Because high-level turnover rate comparisons don’t account for the influence of these other factors, they may incorrectly show (or conceal) group differences in retention. Accordingly, we focus turnover comparisons on groups that are similar on factors that we know generally influence turnover likelihood. For example, when comparing turnover between demographic groups, we look at employees within the same role type, level of seniority, or range of tenure.
Advanced retention risk modeling
Beyond turnover rate comparisons, we can also leverage more advanced statistical modeling techniques to understand our employee retention and proactively monitor for gaps. For one, logistic regression can uncover how a demographic (like gender, race / ethnicity, or age) influences an employee’s likelihood of leaving, while accounting for other employee characteristics (like location, tenure, role type, or job level). This allows for an apples-to-apples comparison between demographic groups.

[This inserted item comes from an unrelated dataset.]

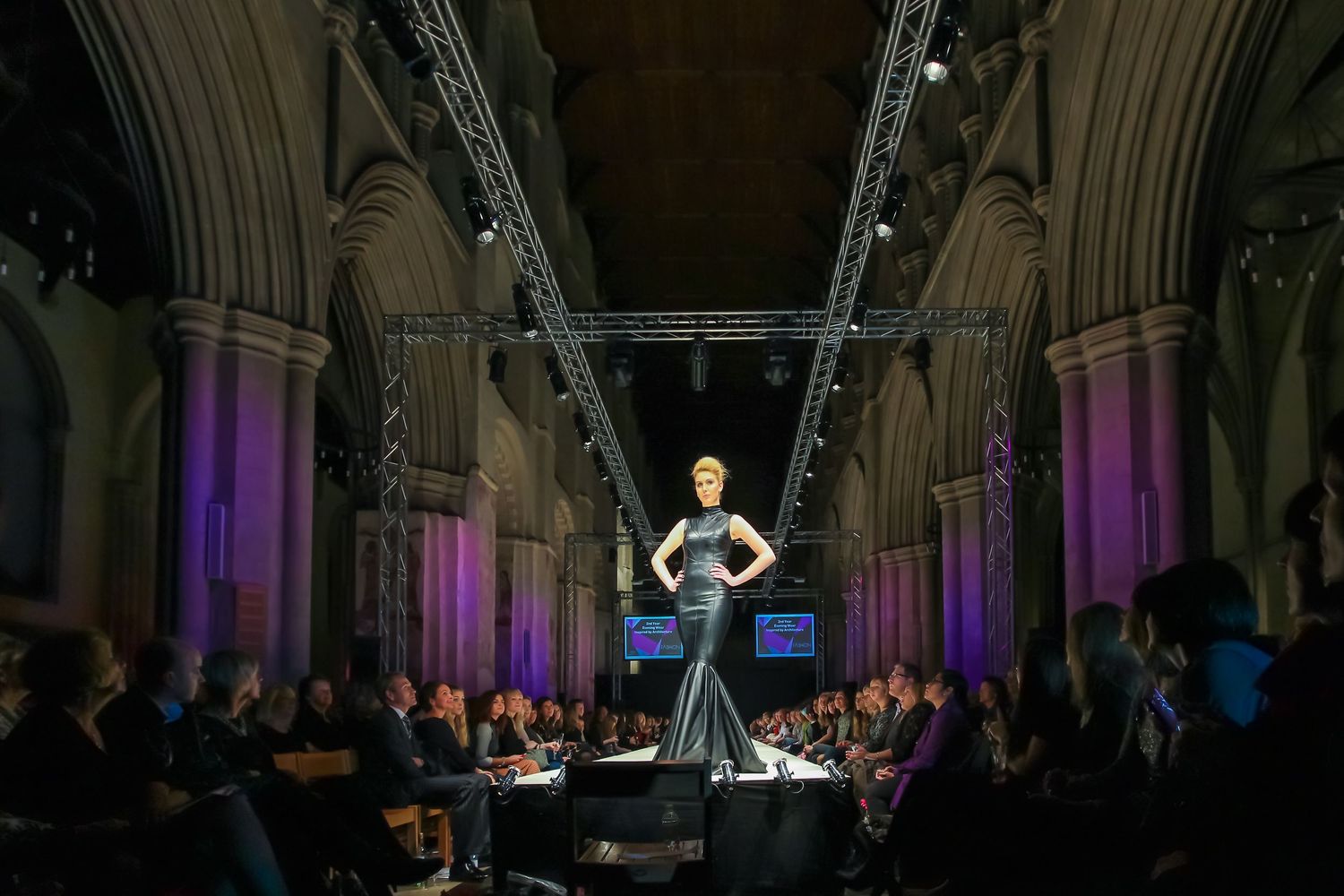 A female model from Oaklands College stands at the end of St Albans Fashion Show catwalk in St Albans Abbey Cathedral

A survival analysis is another statistical approach that helps to identify long-term retention trends. Survival analysis takes tenure into account by design, starting everyone at zero tenure and modeling retention over time. This analysis allows us to readily compare retention among demographic groups within specific cohorts (e.g. team, function, hiring cohort). While this analysis is more complex than simple turnover rates, the output is fairly intuitive, providing a clear visual representation of any discrepancies in retention by groups. Because survival analysis requires more data over a longer period of time, these approaches are less useful for detecting recent changes and best used to keep an eye on longer-term trends.

Across both the simple and advanced retention measurement approaches, these analyses still don’t paint a full picture of why employees leave or what aspects of a company or team culture aren’t inclusive. To understand what may be driving any notable differences in retention between groups, it’s necessary to review quantitative and qualitative data (like comments from employee engagement and exit surveys, and conversations with employee resource groups) to uncover specific issues facing underrepresented groups.
At the end of the day, inclusion is a feeling, making it quite challenging to measure quantitatively. Nonetheless, we see immense value in strengthening the ways in which we use data to better understand inclusion across the company and to communicate with our leaders about its importance. Developing an approach to measuring and tracking inclusion is a process of inventing and learning, and one that won’t stop here for us at Square.